LRAPM

J.E. · Post by **J.E.** » Thu Nov 27, 2014 12:13 pm

I recently found out that the "logistic regression" method of my favorite Python library can do (L2-)regularization, which is pretty much necessary when dealing with NBA lineup data because of the inherent multicollinearity.

To quote Wikipedia

In statistics, logistic regression [..] is a type of probabilistic statistical classification model. It is also used to predict a binary response from a binary predictor

I just recently started playing around with it, but don't know much about it yet. Early tests indicate that it's decent but not ground-breaking, but this may be due to my (as of now) unfamiliarity with it.

How it works:
In standard RAPM, the response vector "y" consists of 0s, 1s, 2s, 3s (and maybe sometimes 4s and 5s), depending on how many points were scored that particular possession (~observation). In (standard) logistic regression the response vector consists of only 0s and 1s. What I did, for now, is run 3 separate regressions using 3 different "y" vectors:
- "1" if exactly 1 point was scored that possession, else "0"
- "1" if exactly 2 points were scored that possession, else "0"
- "1" if exactly 3 points were scored that possession, else "0"

(we thus get 6 coefficients per player, 3 for offense and 3 for defense)

The coefficients (~player ratings) can tell us whether a player raises or lowers his team's chances of scoring 1/2/3 points in this possession (and the opponent's team chances of scoring). To know "how much" a player raises or lowers his team's chances to score 1/2/3 points is trickier. Standard RAPM assumes a linear relationship:
Add a +3 player to an average squad and the team is expected to score 3 points over average. Add another +3 player and the team is expected to score 6(=3+3) points over average.
Logistic regression is different: You sum up the relevant coefficients (i.e. for those players that are on the court) + intercept and then plug the resulting number into the logistic function, a special case of sigmoid function, which is defined as

which gives you a probability (~ "the probability that 1/2/3 points will be scored this possession")

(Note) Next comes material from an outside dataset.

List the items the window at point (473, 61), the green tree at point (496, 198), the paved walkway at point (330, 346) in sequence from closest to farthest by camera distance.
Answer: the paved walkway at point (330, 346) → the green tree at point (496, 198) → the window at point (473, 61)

The sigmoid function is, obviously, not a linear function - it has an "S"-shape. As such, adding a positive player to an average lineup will give you more of a probability increase than if you added him to an already good lineup. With logistic regression you have to know the rest of the lineup (their coefficients) to know how much a player will change the outcome of a possession.

A few words on this particular implementation of logistic regression:
- the penalization parameter is 0<C<=1 with smaller numbers corresponding to stronger regularization. (Note that in ridge the penalization parameter can be 0<=alpha<inf with higher numbers corresponding to stronger regularization)
- Optimal C, found through crossvalidation, was 0.005
- intercept scaling is important as the intercept is also subject to regularization. Values of 10-100 seem to do the job here. Failure to do so will lead to the (absolute) value of the intercept being "too low"

Some results:
Chances of scoring 1 point:

Code: Select all

╔══════════════════╦════════╗
║      Player      ║ Coeff  ║
╠══════════════════╬════════╣
║ Ty Lawson        ║ 0.118  ║
║ Dwight Howard    ║ 0.116  ║
║ Jamaal Crawford  ║ 0.112  ║
║ Ramon Sessions   ║ 0.109  ║
║ Derrick Williams ║ 0.109  ║
║ Evan Fournier    ║ 0.105  ║
║ Mason Plumlee    ║ 0.100  ║
║ Elliot Williams  ║ 0.096  ║
║ Alan Anderson    ║ 0.091  ║
║ Andrei Kirilenko ║ 0.087  ║
║ ..               ║        ║
║ Intercept        ║ -3.250 ║
╚══════════════════╩════════╝

An intercept of -3.25 means that a lineup with players that all have 0 as coefficient (or their coefficients sum to 0) have a ~4% chance of scoring 1 point ( 1 / ( 1 + exp( - - 3.25) ) = 3.9 )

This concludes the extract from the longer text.